The lighting area also provides the biggest “wow” for customers. “There are two areas in the demo space that we notice are the most powerful,” says Crawford. “One of them is clients realizing that, when they’re building a home, they no longer need to have a light switch for every single load. The second one is when they see the Nora Iolite series, which is a completely trimless, recessed light. When people see that they’re getting the same light output from a 2-inch or a 4-inch LED that they would be getting from a 6-inch standard housing, and that the design of that light completely changes the look of the room because now when you’re looking across you’re not seeing all the fixtures, you’re simply seeing the light being produced, they’re like, ‘Oh, yeah, I want that.’”
The evolution of the space has come from a knowledge of the Boise market and from Crawford knowing how The Loop is positioned in the market. For example, he mentions that in Idaho custom installers face challenges because of the lack of regulation in the area. “In the state of Idaho there is no requirement to have an architect on a residential project, nor does the system integrator need to carry any certifications or complete any testing,” he says. “This results in some building companies and complementary trades seeing all low-voltage companies as being the same. This was a critical messaging part of our experience center — to show that The Loop was different than many of our perceived competitors.

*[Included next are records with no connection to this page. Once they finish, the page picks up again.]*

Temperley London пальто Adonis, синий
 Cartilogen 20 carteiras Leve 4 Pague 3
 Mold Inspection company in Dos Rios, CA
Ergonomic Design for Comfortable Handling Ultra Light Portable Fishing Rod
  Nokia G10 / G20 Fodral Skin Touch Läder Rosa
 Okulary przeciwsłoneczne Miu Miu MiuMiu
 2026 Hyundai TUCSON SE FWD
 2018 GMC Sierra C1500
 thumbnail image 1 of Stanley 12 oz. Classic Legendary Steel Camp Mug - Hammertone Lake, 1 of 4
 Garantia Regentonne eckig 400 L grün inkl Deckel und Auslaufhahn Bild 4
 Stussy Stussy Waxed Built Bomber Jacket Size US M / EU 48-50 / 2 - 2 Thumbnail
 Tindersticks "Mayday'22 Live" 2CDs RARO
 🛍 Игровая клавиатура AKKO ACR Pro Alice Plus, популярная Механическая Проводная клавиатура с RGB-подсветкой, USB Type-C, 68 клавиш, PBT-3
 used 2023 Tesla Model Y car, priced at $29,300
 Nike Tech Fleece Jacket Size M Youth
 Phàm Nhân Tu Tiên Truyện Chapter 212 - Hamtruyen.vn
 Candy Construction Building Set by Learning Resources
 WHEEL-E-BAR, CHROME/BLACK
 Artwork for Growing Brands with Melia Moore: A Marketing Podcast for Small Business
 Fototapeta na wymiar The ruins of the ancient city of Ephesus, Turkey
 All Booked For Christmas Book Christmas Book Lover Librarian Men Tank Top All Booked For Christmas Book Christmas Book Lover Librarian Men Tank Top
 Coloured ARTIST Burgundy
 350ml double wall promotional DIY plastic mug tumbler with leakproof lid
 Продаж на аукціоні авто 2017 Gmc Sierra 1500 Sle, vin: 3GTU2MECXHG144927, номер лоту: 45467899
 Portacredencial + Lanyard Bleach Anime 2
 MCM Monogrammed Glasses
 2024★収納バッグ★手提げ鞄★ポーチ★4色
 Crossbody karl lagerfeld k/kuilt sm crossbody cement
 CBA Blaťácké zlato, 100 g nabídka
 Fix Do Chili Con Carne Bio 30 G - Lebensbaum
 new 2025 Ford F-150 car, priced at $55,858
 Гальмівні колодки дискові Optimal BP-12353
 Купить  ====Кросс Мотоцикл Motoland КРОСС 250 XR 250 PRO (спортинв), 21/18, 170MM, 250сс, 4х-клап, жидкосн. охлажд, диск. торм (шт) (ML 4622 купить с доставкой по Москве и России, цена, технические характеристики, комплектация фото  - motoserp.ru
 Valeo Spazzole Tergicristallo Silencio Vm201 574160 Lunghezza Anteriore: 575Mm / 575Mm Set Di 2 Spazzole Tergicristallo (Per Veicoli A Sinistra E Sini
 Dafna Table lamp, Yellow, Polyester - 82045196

Related: The Showroom as a Destination
“That’s why when we tell our story to potential clients we start by saying, ‘In Idaho, our industry is unregulated, but we want to share with you that we’ve self-regulated to give you the assurance that we know what we’re doing.’ Then we talk with them about infrastructure and the wiring and why it is an important part of every project. Then we go into safety and security on the infrastructure side. Next, we talk about the integration of all these systems and the potential benefit of a platform like Control4. And we close out helping them understand today’s recessed lighting options, including both color and design, so they have the tools they need to create their home the exact way they desire.”
The focus on integration is how The Loop presents itself to its market. “When I teach classes at CEDIA Expo, I share with other integrators that they need to define what sandbox they are playing in,” says Crawford. “That’s really important. We have a competitor here in town that does high-end, 2-channel, name-brand electronics. That’s the sandbox they play in, and we don’t. We made a very conscious choice not to do so because we’ve realized that is not our core competency, so we refer those kinds of projects to that competitor.
“Figure out the sandbox where your integration company is going to operate, and then your experience center needs to tell that story. If your story is high-end audio, then your experience center needs to share that story. If it’s integration, like with us, it’s very much about that story of integration and bringing everything together.”